Kim derdi ki, 1994’te Tayyip Erdoğan’a verilen 2 altın bilezik, 20 yıl sonra, Rıza Sarraf’a ait Durak Döviz kanalıyla, yüzlerce kilo altın külçesine dönüşecek! Tabii bu yazdığım cümle, bir metafor… Kimsesizlerin kimi, çaresizlerin çaresi olarak iktidara gelenlerin hâlâ nasıl Rıza Sarraf’ın yanında durduklarını anlayamıyorum.
Mesele, usulsüzlüğe alet olan 18 gümrük memuru hakkında verilen takipsizlik kararıyla yeniden alevlendi. Valilik, kamu çalışanlarının soruşturulmasına müsaade etmeyince, savcılık da şüpheli memurların dosyasını kapattı.

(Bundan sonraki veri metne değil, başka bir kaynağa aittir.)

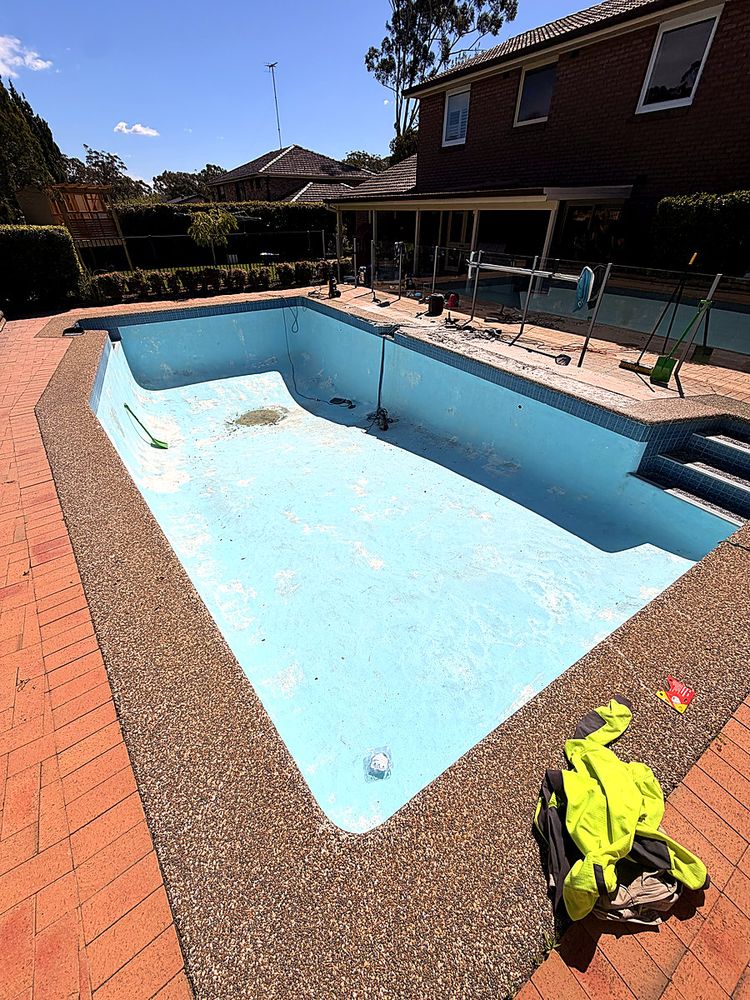 Worn pool interior and coping before work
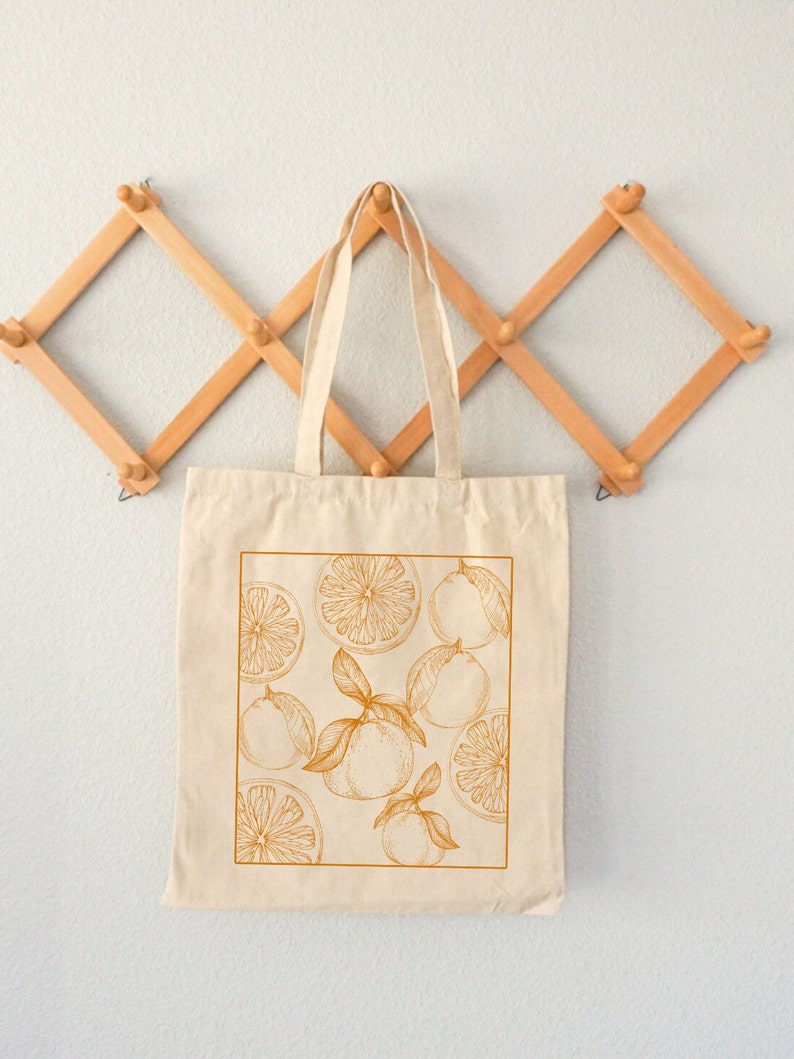 May include: A beige canvas tote bag with a design of orange slices and whole oranges in a golden yellow color. The bag is hanging on a wooden rack.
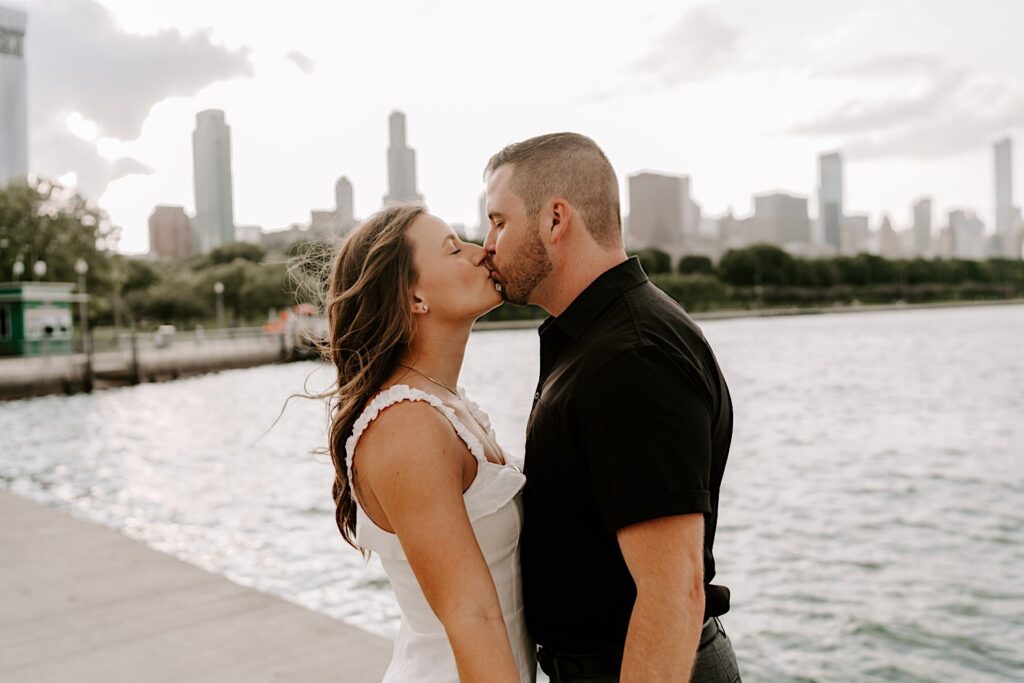 During their engagement session at Museum Campus a couple embrace and kiss one another in front of Lake Michigan and the Chicago skyline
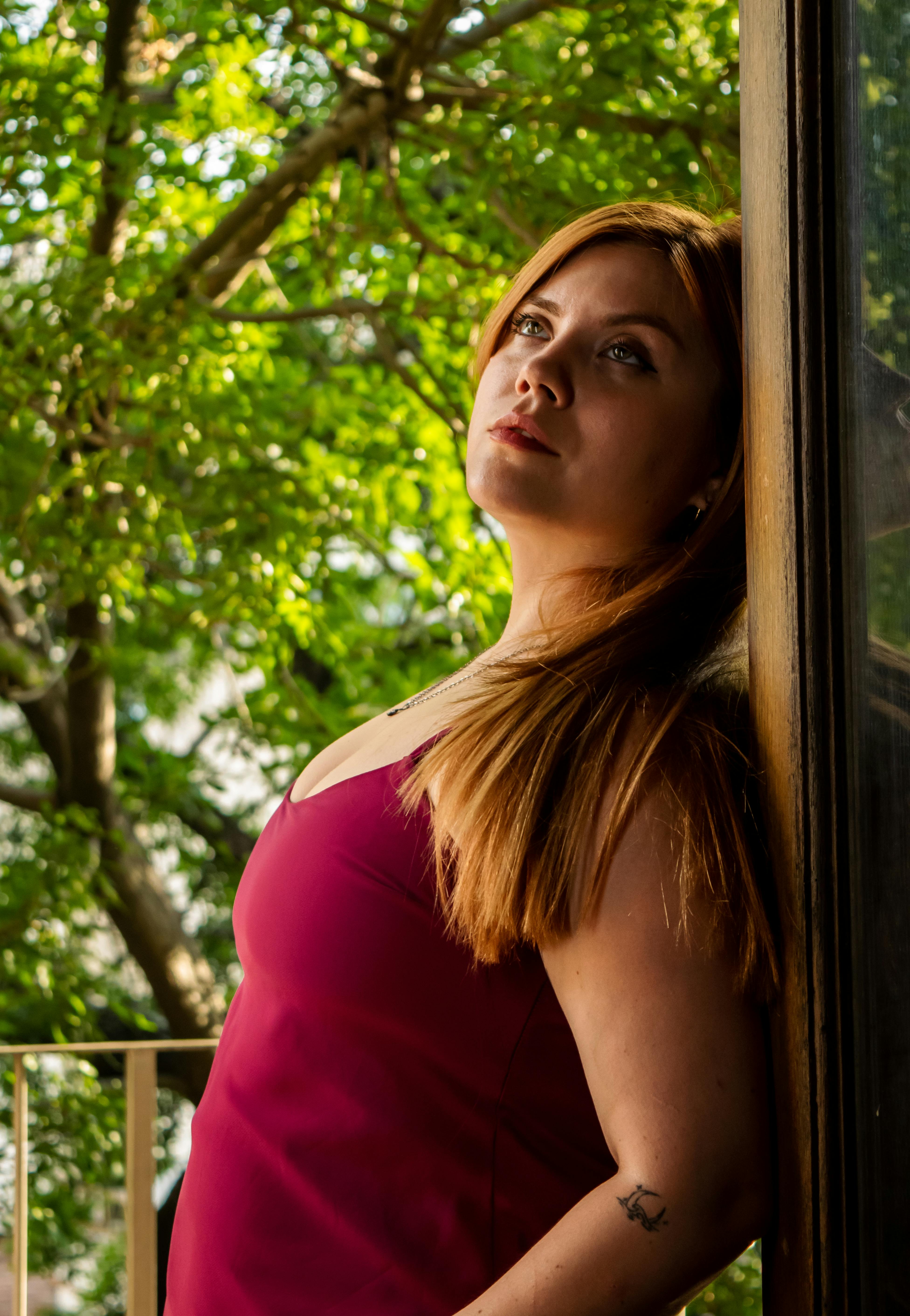Free A thoughtful woman in a red dress leans against a balcony railing surrounded by vibrant green foliage. Stock Photo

Artık Türkiye’de yolsuzluklar ve usulsüzlükler olağan hale geldiği için konunun üzerinde pek fazla duran da yok. T24’ten Arzu Yıldız, altın soruşturmasının, bakanlar hakkındaki fezlekelere nasıl yansıdığını haberleştirdi. Özetleyerek sütunuma alıyorum:
1 Ocak 2013’te, Gana’dan hareket edip İstanbul Atatürk Havaalanı’na inen uçakta 1.5 ton altın vardı. Fakat evrakta 1.5 ton altın (1500 kilo) “doğal taş” olarak beyan edilmişti. Değeri 65 milyon dolardı. Gümrük memurları meseleyi fark etti, uçağa el koydu. Bunun üzerine Rıza Sarraf devreye girdi. Zafer Çağlayan’ın oğlu Kaan ile ilişki kuruldu. Bu münasebeti tespit eden ses kayıtları mevcut. Mesela Rıza Sarraf, “Acaba sorunu çözebilecek miyiz” diye soran ortağına, “Bakan beyi aradım daha ötesi var mı” cevabını veriyor.